Publié le 08/08/2024

Lorsque Gisèle Halimi est morte en juillet 2020, aucun ténor du barreau ne s’est rendu à son enterrement. Il fut ensuite question de la faire entrer au Panthéon, avant que le président de la République ne juge qu’elle était trop clivante, en raison de son engagement au côté du FLN lors de la guerre d’Algérie. En revanche, le monde de la bande dessinée s’est emparé avec brio de son destin hors norme et lui rend un hommage appuyé. La preuve en 3 albums, qui racontent chacun une facette de la grande avocate, dont les principaux combats furent la défense des indépendantistes au Maroc et en Algérie, le droit à l’avortement et la criminalisation du viol.

Delcourt

Gisèle Halimi, Une jeunesse tunisienne, de Danièle Masse et Sylvain Dorange, Delcourt, 2023

La BD de Daneille Masse et Sylvain Dorange raconte la petite fille qu’était Gisèle Halimi. Elle naît dans une famille juive tunisienne, berbère par son père, et grandit à La Goulette, port de pêche en banlieue de Tunis. Elle s’appelle alors Zeïza, comme sa grand-mère, mais ses parents préfèrent l’appeler par son deuxième prénom, Gisèle, qui sonne plus français. Dès la petite enfance, Gisèle fait preuve d’un esprit rebelle. Sa mère, Fritna, la prend en grippe. « Cette enfant nous porte malheur », s’exclame-t-elle devant sa fille qui n’est encore qu’un bébé qui pleure trop fort à son goût. Son père, Édouard, est tellement déçu d’avoir une fille qu’il met trois semaines à annoncer sa naissance. Son frère aîné, Marcello, est un cancre que ses parents rêvent de voir devenir avocat. Mais au grand désespoir de Fritna, c’est Gisèle qui se passionne pour les études. Elle est l’une des rares petites filles tunisiennes à fréquenter l’école, où elle se fait des amies françaises, juives, musulmanes. La nuit, elle dévore des classiques, Victor Hugo ou Homère, et s’attire le mépris et l’inquiétude de sa mère qui dès l’enfance, ne pense qu’à la marier.  « Nous les femmes, c’est notre destin de subir », lui assène cette femme, à la fois soumise et autoritaire. « Je me suis beaucoup inspirée de son autobiographie, Le lait de l’oranger, dans laquelle elle raconte ses relations horribles avec sa mère Fritna. J’ai très peu inventé. Les dialogues aussi, ce sont les propres mots de Gisèle Halimi », explique Danièle Masse, professeur de lettres à l’université de Toulon, passionnée du monde arabe et grande admiratrice de la célèbre avocate, avec laquelle elle a entretenu une correspondance sur le féminisme dans les années quatre-vingt.

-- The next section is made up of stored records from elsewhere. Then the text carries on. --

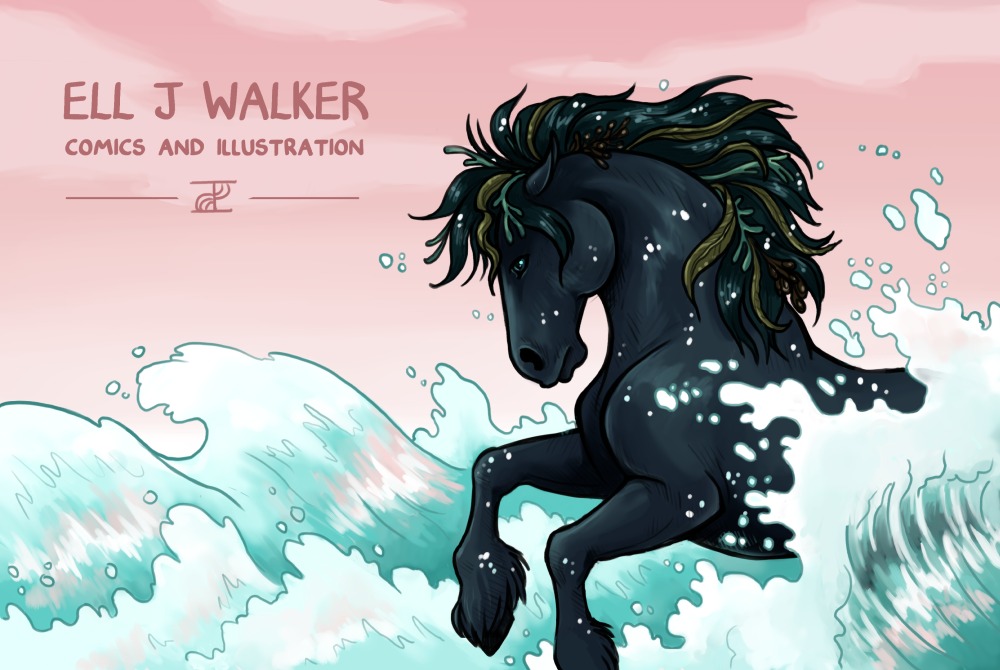 business card20 - Ell Walker.png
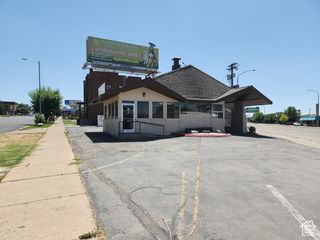 3501 S WASHINGTON BLVD #3501, Ogden, UT 84403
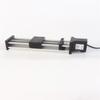 Diannan GGP Dual-Axis Ball Screw Linear Slide Module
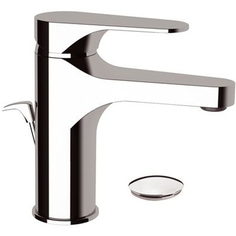 Смеситель для раковины Remer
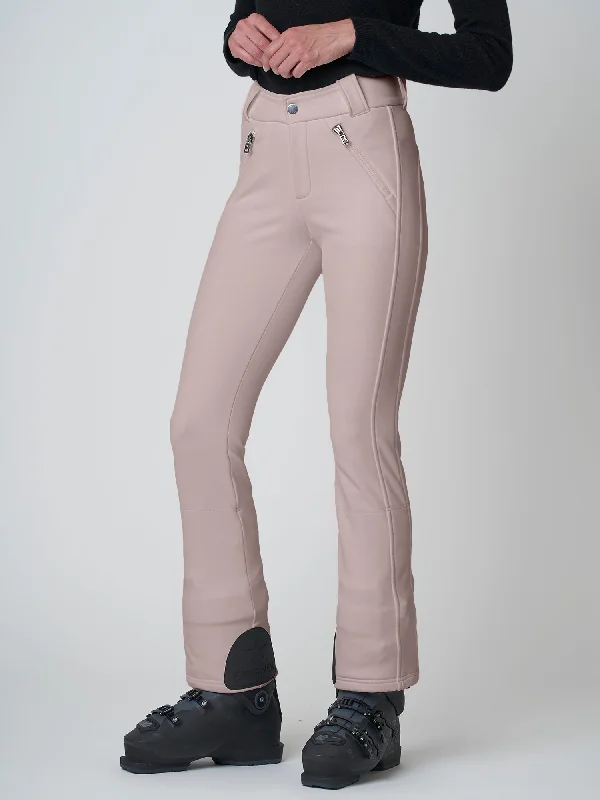 Haze Stretch Ski Pant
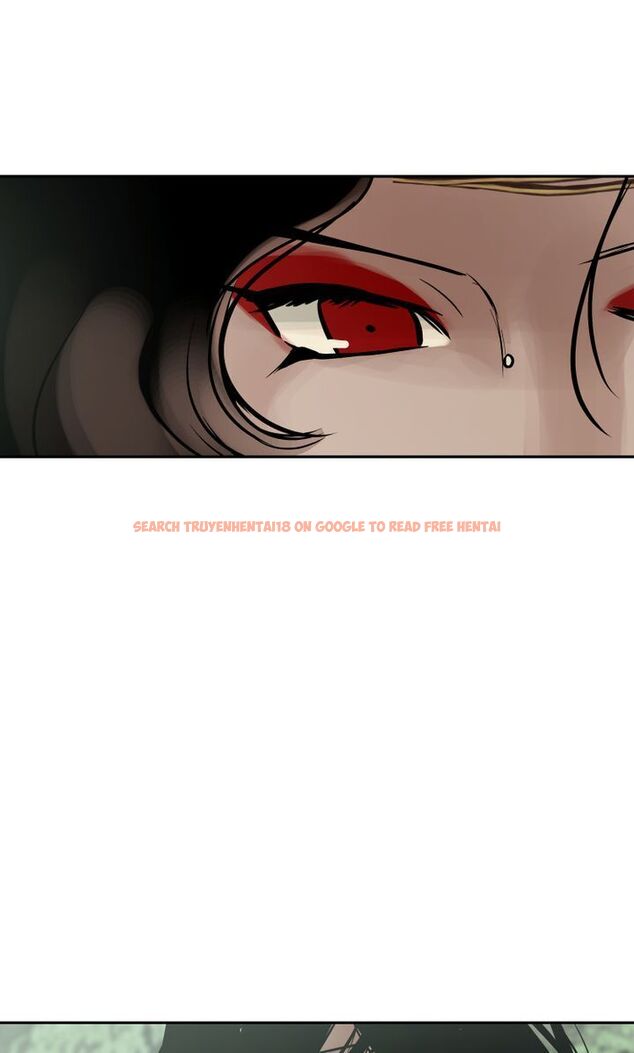 Read Hentai Image 30 386 in comic Totem Realm - Chapter 39 - hentaitnt.net
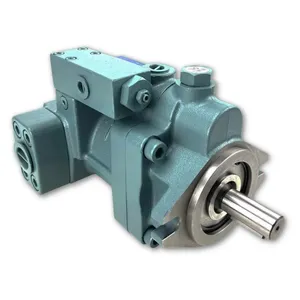 P16 Hydraulic Piston Pump P08/P16/P22/P36-A0/A1/A2/A3-F-R-01 Axial Piston Pump Spray Machine Oil Pump thumbnail-2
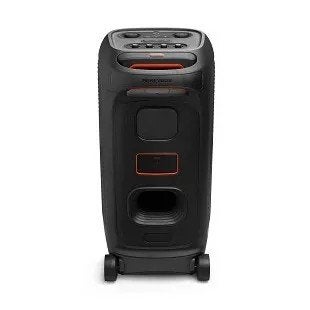 Foto 5 van JBL Partybox 320 - Krachtige Party Speaker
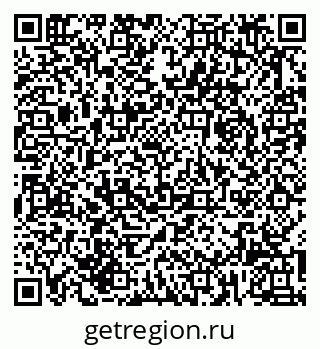 79062061434
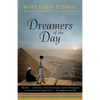 Dreamers of the Day - Paperback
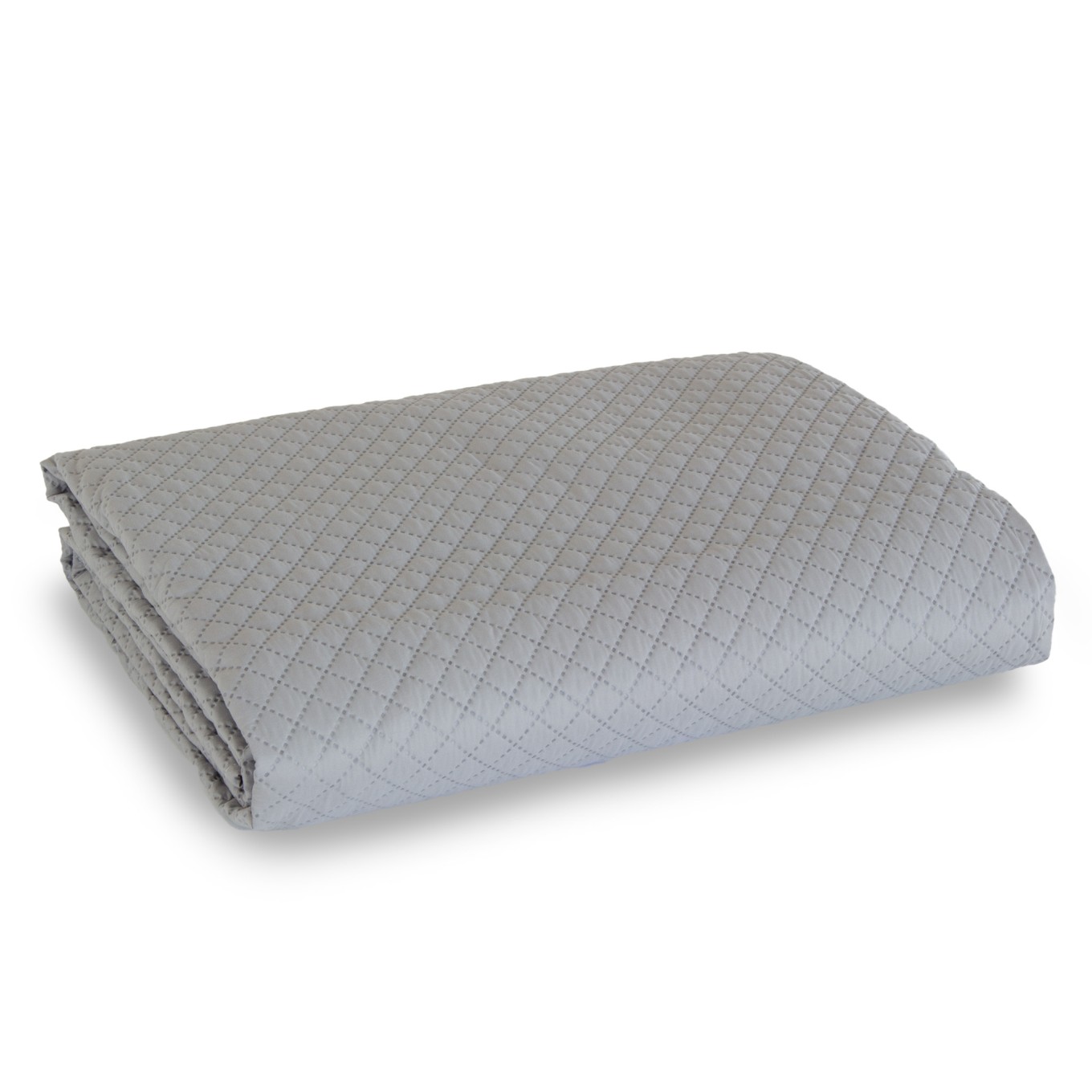Bouty Troia - Cama Individual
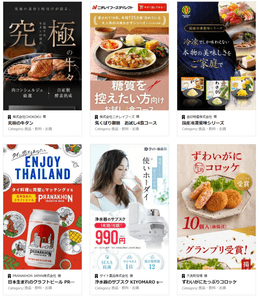 cMynDbEWy0MEKm6N2zMD.png?w=940&h=940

De cette enfance naît une profonde révolte contre les injonctions faites aux femmes. Gisèle s’insurge contre cette mère, qui attend d’elle qu’elle la seconde dans les tâches ménagères pendant que ses frères se prélassent. Pour ne plus « jouer les servantes », elle entame une grève de la faim de plusieurs jours, et finit par obtenir de son père la promesse elle ne fera plus jamais le lit de son frère. « Passé la déception de la naissance, Édouard s’attache à sa fille Gisèle à mesure que son caractère s’affirme. Il sera son complice. L’affection de son père lui a permis de se construire. Curieusement, dans son enfance, c’est surtout auprès des hommes : son père, son grand-père et son oncle, que Gisèle trouve du soutien », pointe la scénariste. Pour Danièle Masse, transformer cette petite fille en héroïne de bande dessinée relevait de l’évidence. « Elle a ce côté têtu, rebelle. C’est vraiment un personnage ». Avec son trait et ses couleurs vives, le dessinateur Sylvain Dorange croque parfaitement cette petite fille dont la qualité première est de n’en faire qu’à sa tête. L’album raconte en filigrane l’histoire de la Tunisie des années trente, dans laquelle l’idée de l’indépendance fait son chemin. La encore, Gisèle se démarque de sa famille, qui en tant que membres d’une minorité se méfie des Arabes et redoutent la fin de cette tutelle française. Adolescente, Gisèle prend fait et cause pour les indépendantistes. L’album se clôt alors qu’elle prend l’avion pour Paris, où elle entamera des études de droit puis la carrière que l’on connaît, au côté des pauvres, des nationalistes, des femmes. Une suite logique de ses premières années tunisiennes. « Tout est écrit dès la petite enfance : la révolte contre les conventions, contre son statut de petite fille, contre le racisme dont elle fait l’expérience dès l’école primaire », souligne justement la scénariste Danièle Masse.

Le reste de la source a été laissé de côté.